# [Problem to solve]
Return all of the data verbatim, dropping any picture.

# [Recorded information]
◇ ◇ ◇ ◇ ◇
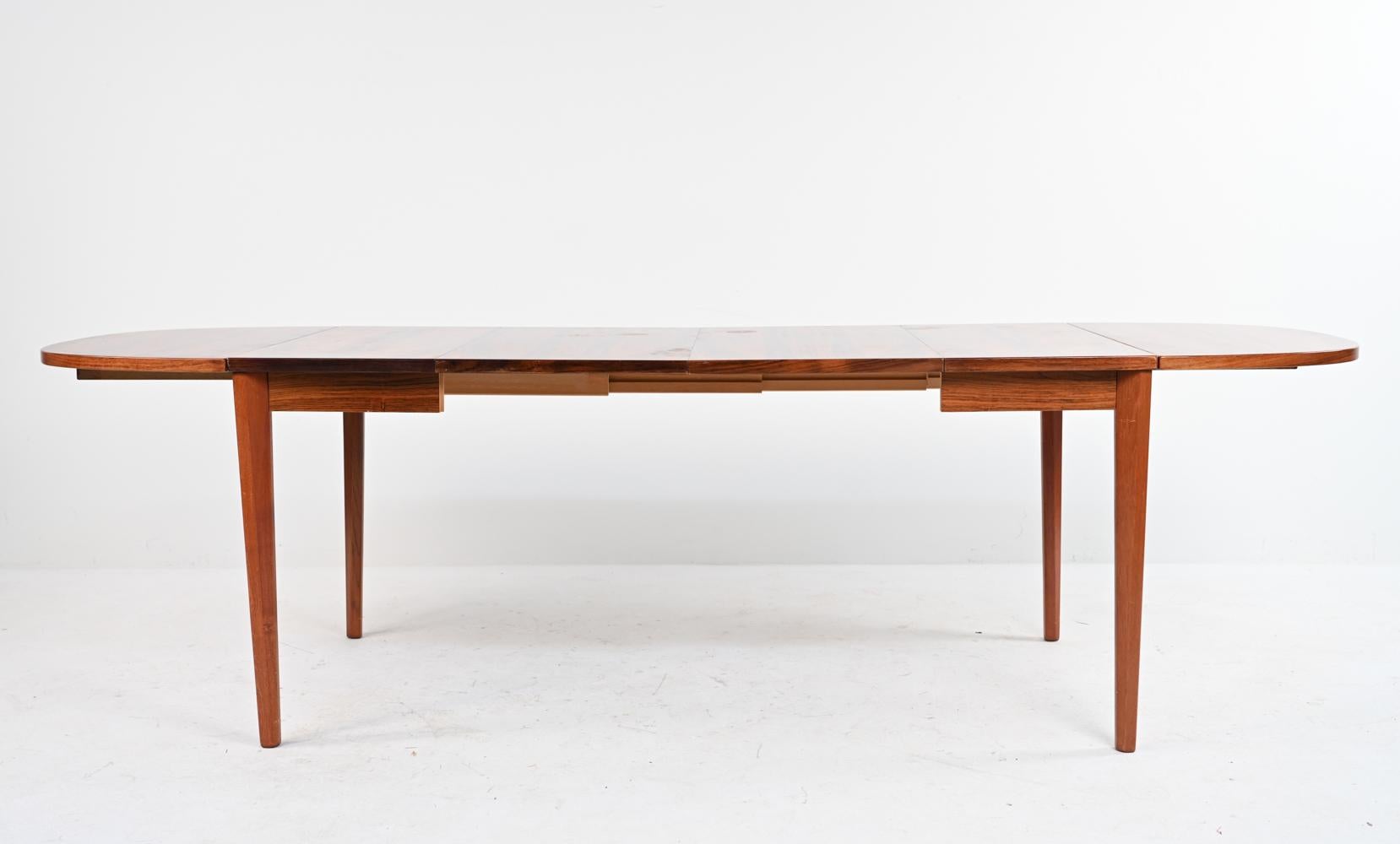 Danish Mid-Century Henning Kjærnullf for Vejle Støle & Møbelfabrik Dining Table In Good Condition For Sale In Norwalk, CT
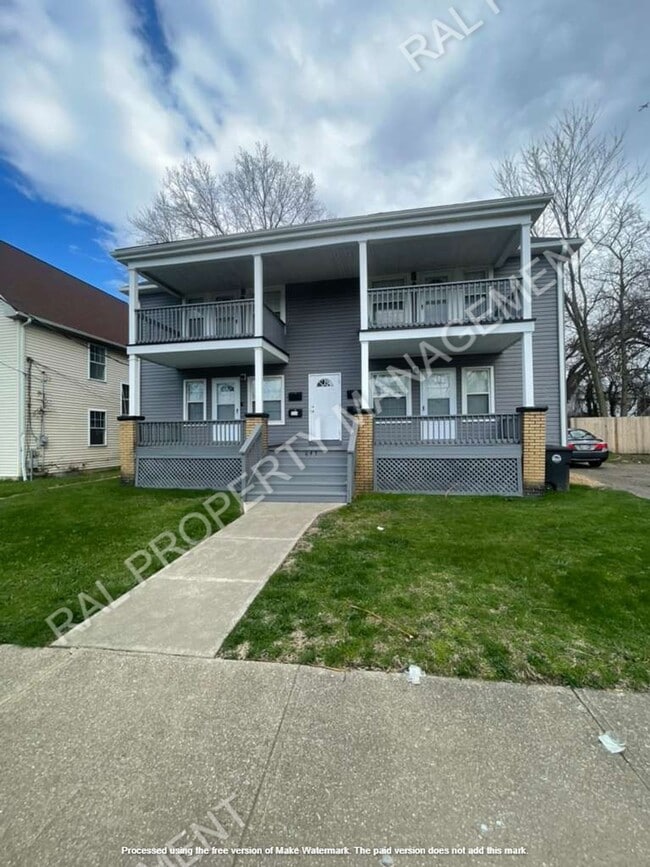 Building Photo - 2 bd Apt Cash Pay/Section 8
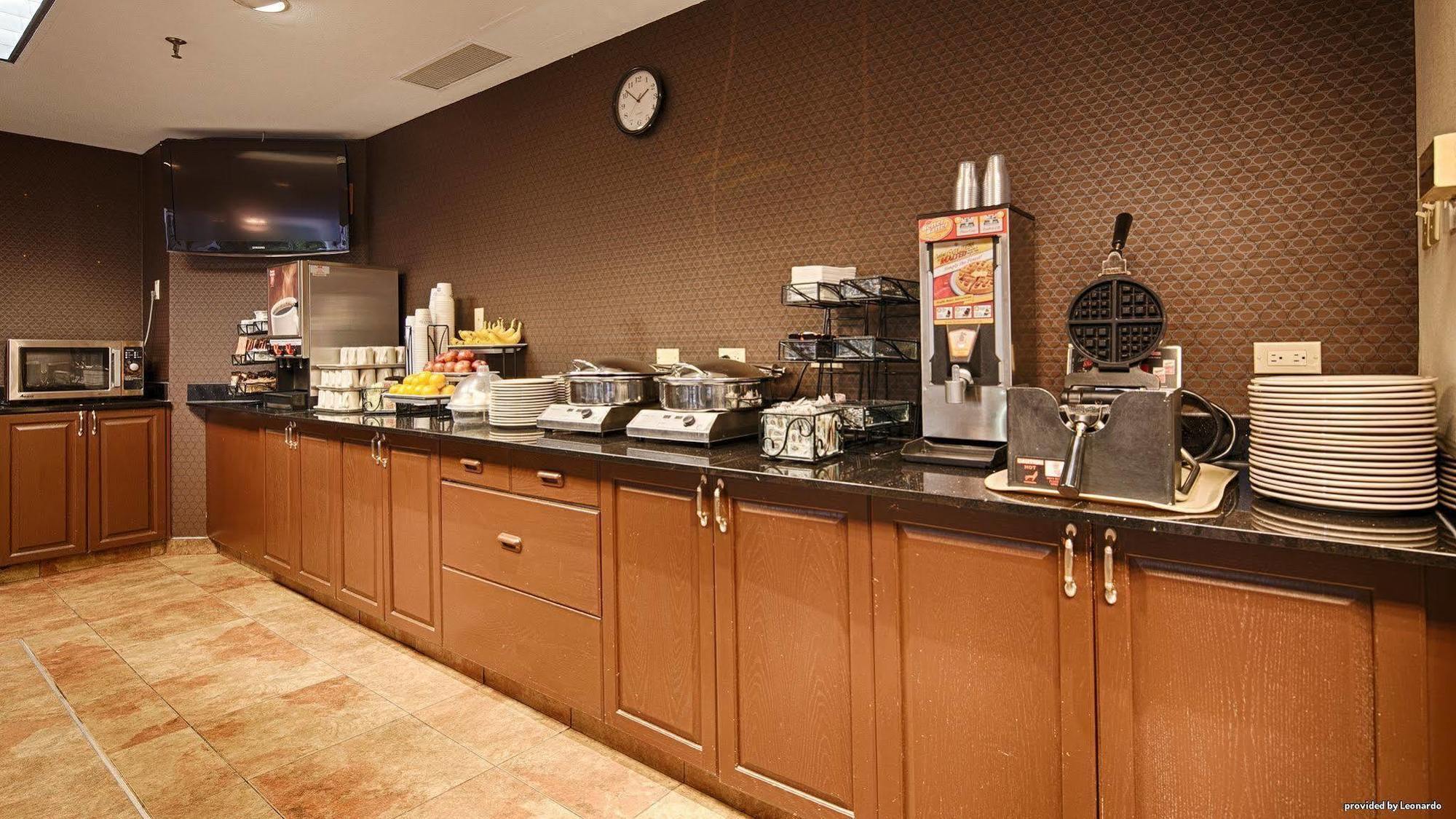 Best Western Airport Inn YYC Exteriér fotografie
◇ ◇ ◇ ◇ ◇
# [Solution to this problem]
 Danish Mid-Century Henning Kjærnullf for Vejle Støle & Møbelfabrik Dining Table In Good Condition For Sale In Norwalk, CT
 Building Photo - 2 bd Apt Cash Pay/Section 8
 Best Western Airport Inn YYC Exteriér fotografie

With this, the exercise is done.